Vos experts en gestion des utopies
Chez Vu, Doyon-Rivest se font les chantres de l’autopromotion. Le premier est d’abord musicien (Motocross); le second, directeur artistique dans une agence de publicité. L’omniprésence de leur logo rappelle que le monde de l’art, à l’instar de celui de la publicité, en est un de stratégies visuelles. Bon. Leurs photographies, au demeurant intéressantes (on l’avait constaté lors de leur première expo à l’Oil de poisson en 2001), il faut les chercher derrière l’étalage de quelques centaines de trophées adressés à Doyon-Rivest et une enceinte reprenant – encore – le nom du duo.
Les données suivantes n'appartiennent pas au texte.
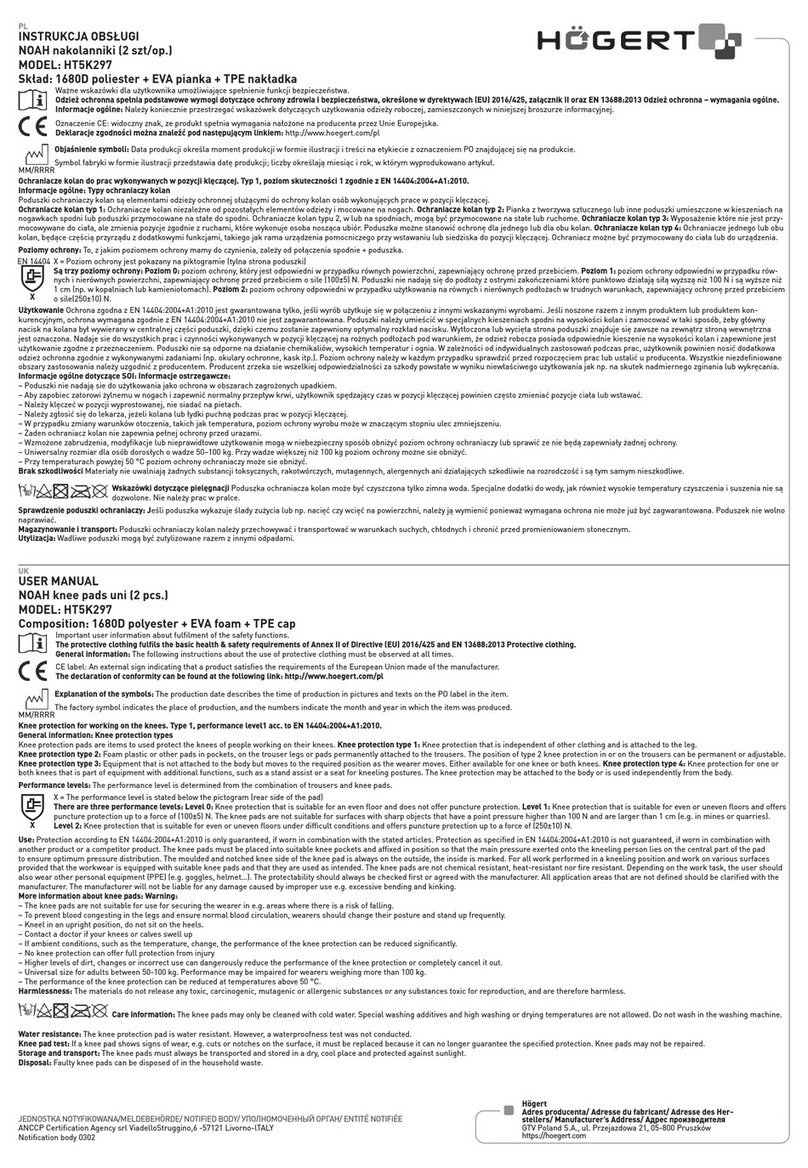 HOGERT NOAH user manual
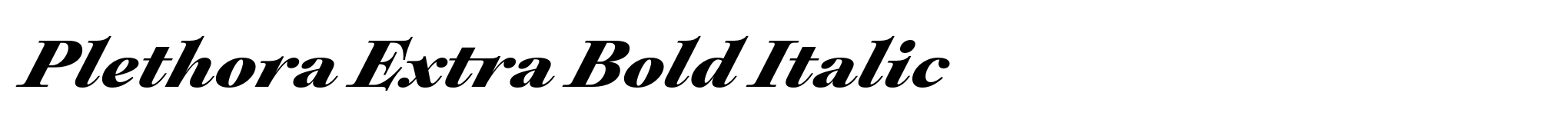 Plethora Extra Bold Italic image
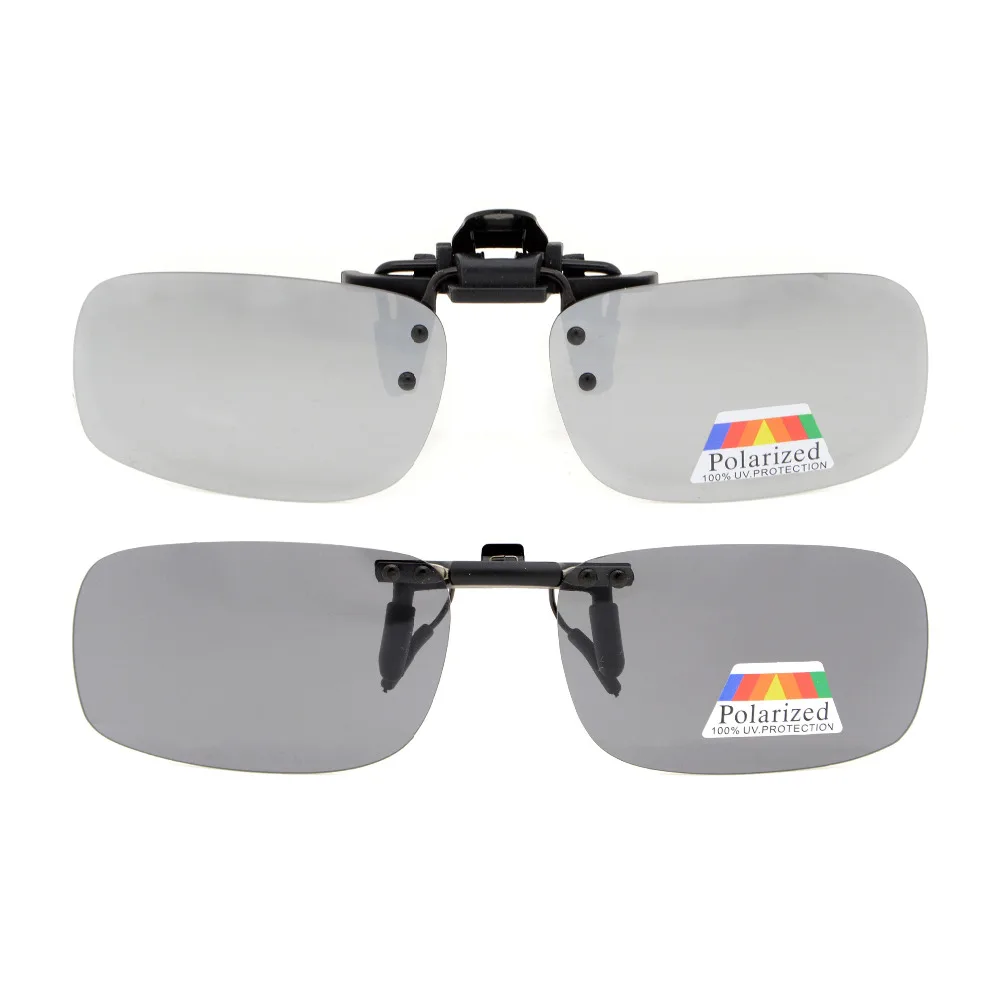 JQ1 Eyekepper Flip up Clip on Sunglasses Polarized 53x33 MM 2 Pack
Ce n’est pas tant l’absence de profondeur qui ennuie, mais l’ironie et la parodie, quand elles ne sont pas doublées d’un véritable intérêt formel (plastique, spatial), peuvent entraîner une certaine lassitude. À voir aussi chez Vu, mais dans un registre plus sobre et moins discursif, les photographies de Marcel Blouin.

Le projet tic
Diane Borsato (Torontoise vivant à New York) investit, en collaboration avec des artistes et des comédiens, les cellules de l’ancienne prison du Musée national des beaux-arts du Québec. Des performances ont lieu du 16 au 18 mai dès 13 h.

Vernissage
Fabriquez, c’est le titre de l’invitante exposition des finissantes de l’École des arts visuels de l’Université Laval. Sur la quarantaine de jeunes artistes, on y fait souvent de sérieuses découvertes et les vernissages y sont le plus souvent mémorables. Le 15 mai à 17 h au 255, boul. Charest Est.